— Я насмотрелся всего этого. Видел вдоволь.
И Кобб уставился в иллюминатор. Там, за бортом, был песок. Кобб везде мог узнать цвет песка — то был цвет его болезни.
Стрингер продолжал:
— Тем не менее, они уверили меня, что полет проходит нормально. Полагаю, пилот знает, что делает, хотя, по правде говоря, он выглядит достаточно пожилым, чтобы все ещё летать. Ему лет пятьдесят, не меньше, а это много. Не так ли?
За спиной Кобба капитан Харрис закурил ещё одну сигарету и ощутил, как дёрнулся самолёт, когда пилот поправлял снос. Он был бы непрочь сделать глоток воды из бутылки, потому что тушёное мясо, которое он ел перед взлётом, оказалось пересоленным, но на нем была форма, и следовало проявлять самодисциплину. Ко времени, когда они сядут в Сиди Раффа, жажда будет ещё острее, и тем приятнее будет её утолить. К тому же рядом был Уотсон, а он улавливал у других малейшие слабости.
Самолёт снова дёрнуло, и кто-то в шутку вскрикнул, ещё кто-то засмеялся.
Сержант Уотсон, сидевший позади своего офицера, рассматривал его худую вытянутую шею. На ней была розовая потёртость между воротничком и тем местом, которое ещё не успело окрасить солнце после вчерашней стрижки.
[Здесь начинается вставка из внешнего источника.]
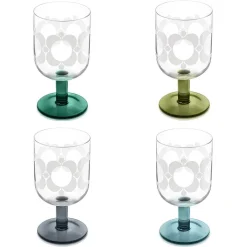 Atomic Flower Green Shades Set Of 4 Wine Glasses><noscript><img width=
Эта шея, размышлял Уотсон, годится для пули. Он уже давно думал об этом, и сама мысль доставляла ему удовольствие. Можно в полной безопасности разглядывать чью-то шею — всегда успеешь отвести взгляд, если человек обернётся. Никакого риска нарваться на ответный огонь. Можно все время держать его под прицелом. Этот ублюдок уже два часа как мёртв. Это помогало. Сильно помогало.
Насытившись сладостью победы, Уотсон осмотрелся вокруг и подумал, что охотно навсегда расплевался бы с армией, смешался с толпой таких вот парней, разоделся бы в гражданскую одежду, как у них, — джинсы и туфли какого хочешь цвета, клетчатую рубаху и все такое, — а какие деньги, должно быть, они гребут… у каждого золотые часы величиной с будильник, а в карманах паркеровские ручки! Некоторые загребают по двести монет, да ещё раз в три месяца ездят домой на целый месяц за счёт компании… об этом и думать невыносимо. И никаких над тобой выскочек-офицеров, этаких отцов-командиров, свысока поглядывающих на тебя как на сопливого трущобного мальца. Этих проклятых Харрисов.
Он снова прицелился в красно-белую полоску на шее и дал пару коротких очередей — для разрядки.
Кепель, юноша-немец, рассматривал в пожелтевшем иллюминаторе своё отражение, вслушиваясь в беспрестанный шорох песка. Позади него молчал техасец. В телеграмме было сказано «срочно приезжай», и он по-разному раскладывал в уме эти слова, пока они не потеряли всякий смысл.